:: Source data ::
- - -

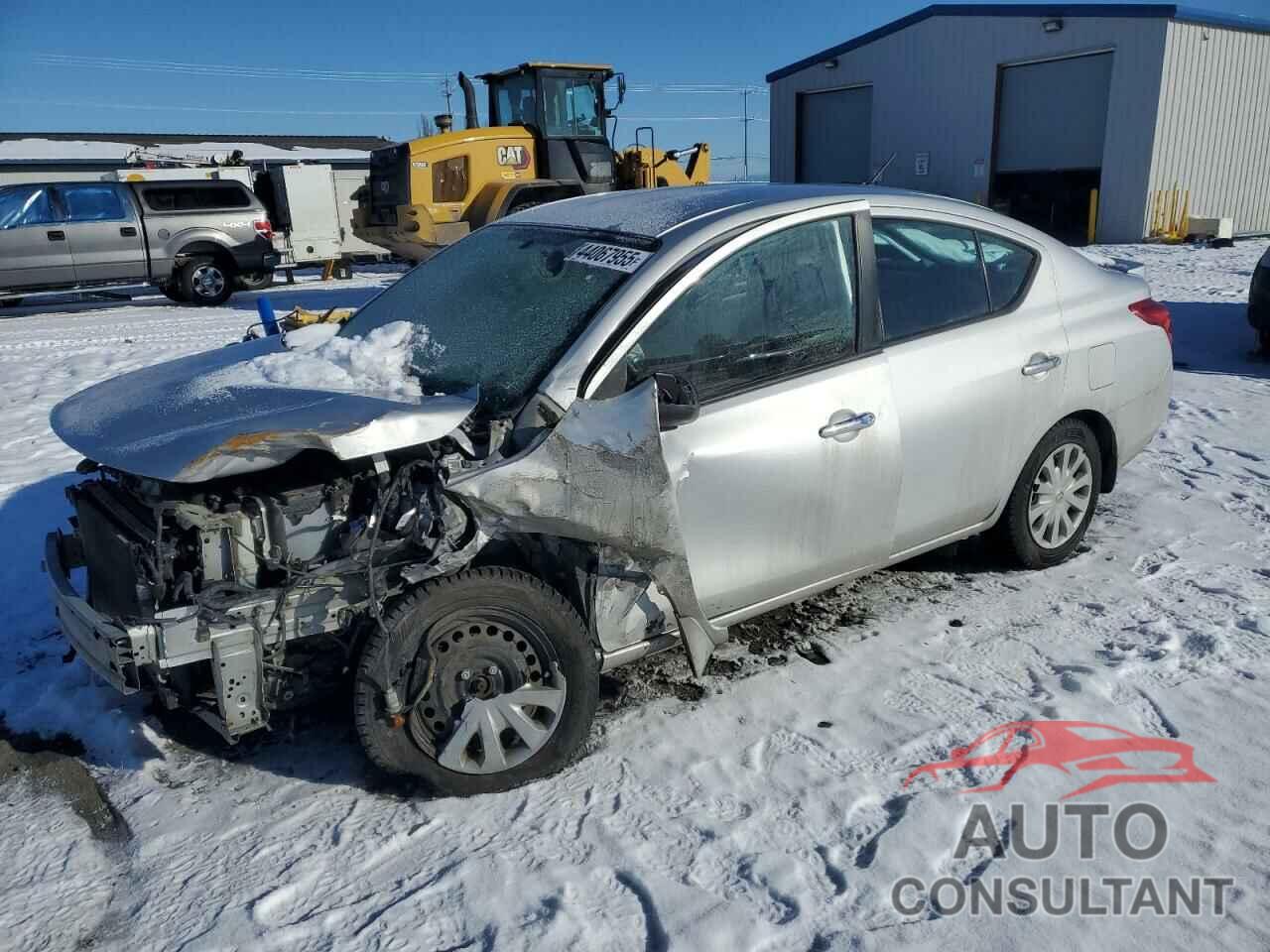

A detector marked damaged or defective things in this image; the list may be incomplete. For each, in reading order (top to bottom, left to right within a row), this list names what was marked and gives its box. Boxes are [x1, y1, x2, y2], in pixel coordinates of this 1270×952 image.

bent hood [48, 335, 476, 484]
damaged door panel [446, 375, 730, 674]
wrecked silver sedan [42, 186, 1175, 797]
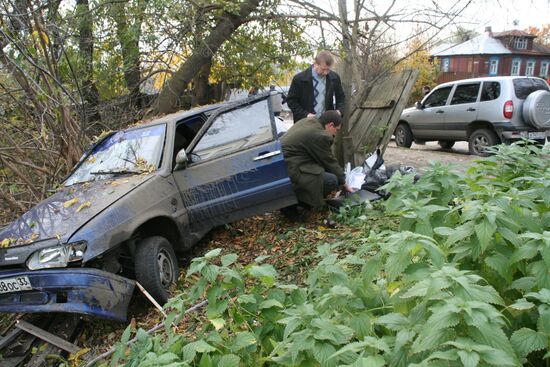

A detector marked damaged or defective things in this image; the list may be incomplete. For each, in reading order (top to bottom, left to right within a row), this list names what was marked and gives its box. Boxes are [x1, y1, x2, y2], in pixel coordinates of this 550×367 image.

car's cracked windshield [64, 125, 165, 187]
damaged car hood [0, 175, 154, 247]
crashed blue car [0, 95, 298, 322]
broken front bumper [0, 268, 136, 322]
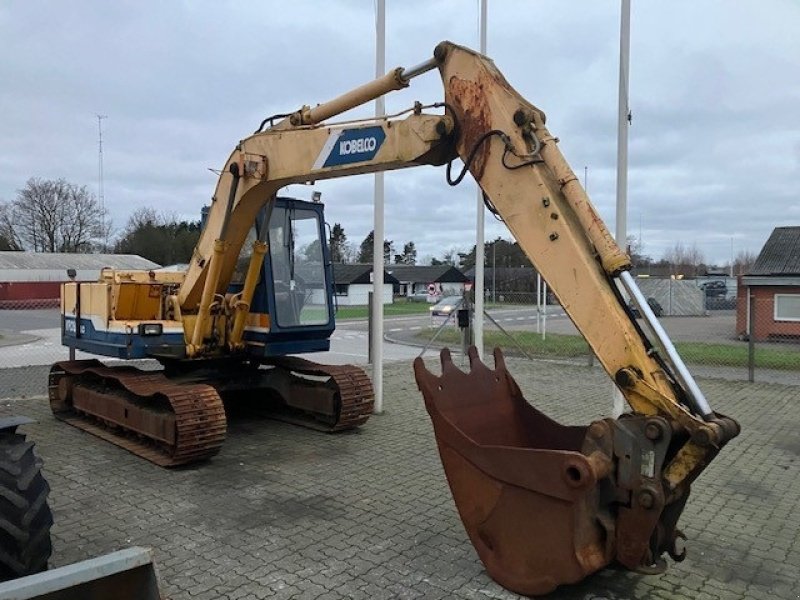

- - -

:: Aim of the task ::
Only the entries themselves should be output, word for word, with all pictures omitted.

:: Answer section ::
A detector marked damaged or defective things in this image; the list may be incomplete. For each, in reading order (top to bottom, left to right within a row), this list names what was marked and gives its box. Boxes are [x1, y1, x2, y2], in pixel coordinates of this 1270×952 image.

bent hood [48, 335, 476, 484]
damaged door panel [446, 375, 730, 674]
wrecked silver sedan [42, 186, 1175, 797]

A detector marked damaged or defective things in this image; the list may be incomplete. For each, in reading order (top to bottom, left to right within a row), this list names what was marked and gives its box. Boxes are [x1, y1, x2, y2], in pixel coordinates of this 550×367 image.

car's cracked windshield [64, 125, 165, 187]
damaged car hood [0, 175, 154, 247]
crashed blue car [0, 95, 298, 322]
broken front bumper [0, 268, 136, 322]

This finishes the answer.